Die Aufnahme der Beitrittsverhandlungen erfordert einen einstimmigen Beschluss der EU-Mitgliedsländer. Bei einem Ja wäre Bosnien-Herzegowina im Beitrittsprozess so weit wie die Ukraine und Moldau - der Start der Beitrittsverhandlungen mit diesen beiden Staaten ist bereits beschlossen. Die eigentlichen Gespräche dauern in der Regel Jahre, wenn nicht Jahrzehnte. Beitrittskandidaten müssen dabei nachweisen, dass sie den gesamten Rechtsbestand der EU umgesetzt haben.
Schwache Zentralregierung in Sarajevo
Bosnien-Herzegowina ist seit dem Dayton-Abkommen zur Beendigung des Bosnien-Kriegs 1995 aufgeteilt in die überwiegend von bosnischen Serben bewohnte Republika Srpska und die kroatisch-muslimische Föderation Bosnien und Herzegowina. Die beiden halbautonomen Landesteile sind durch eine schwache Zentralregierung miteinander verbunden.
Grund für die Bemühungen um Bosnien-Herzegowina war auch die Sorge, dass sich der Staat mit etwa 3,2 Millionen Einwohnern ansonsten Richtung Russland oder China orientieren könnte. Erst in der vergangenen Woche hatte der Hohe Repräsentant der internationalen Gemeinschaft für Bosnien-Herzegowina, Christian Schmidt, vor Russlands wachsendem Einfluss in dem Balkanland gewarnt.
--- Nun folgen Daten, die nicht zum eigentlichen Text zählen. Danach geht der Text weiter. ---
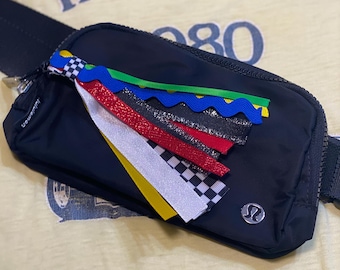 May include: Black fanny pack with a colorful ribbon tassel. The bag has a zipper closure and a silver logo. The background is a light yellow t-shirt with the words "INDY 500" printed on it.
Er könne nicht ausschließen, dass "ein Teil der Strategie" des bosnischen Serbenführers Milorad Dodik "direkt aus Moskau kommt", sagte Schmidt in einem Interview mit der Nachrichtenagentur AFP. Er verurteilte Dodiks "anti-europäisches Verhalten und seine engen Beziehungen" zum russischen Präsidenten Wladimir Putin.
Im vergangenen Juli hob Schmidt zwei Gesetze auf, die das Parlament der Teilrepublik Srpska auf Geheiß von Präsident Dodik verabschiedet hatte. Darin wurde die Umsetzung von Entscheidungen des bosnischen Verfassungsgerichts und des Hohen Repräsentanten verboten. Der serbische Nationalist und Kreml-Verbündete verkündete die Gesetze trotzdem, sie wurden auch im Amtsblatt des serbischen Landesteils veröffentlicht. Dodik trägt seine engen Beziehungen zu Moskau immer wieder offen zur Schau. Im Februar verlieh Putin ihm den Alexander-Newski-Orden, eine der höchsten russischen Auszeichnungen.
Nur noch Kosovo kein Beitrittskandidat
Von den sechs Westbalkanstaaten ist nun nur noch die Republik Kosovo kein EU-Beitrittskandidat. Das Land hat aber bereits einen Antrag auf Mitgliedschaft gestellt. Für den jüngsten Staat Europas war es ein eher symbolischer Akt: Die EU-Mitgliedschaft ist für das erst seit 2008 unabhängige Land derzeit nicht in Reichweite. Haupthindernis ist, dass fünf EU-Länder - Spanien, Rumänien, die Slowakei, Griechenland und Zypern - das Kosovo nicht anerkennen.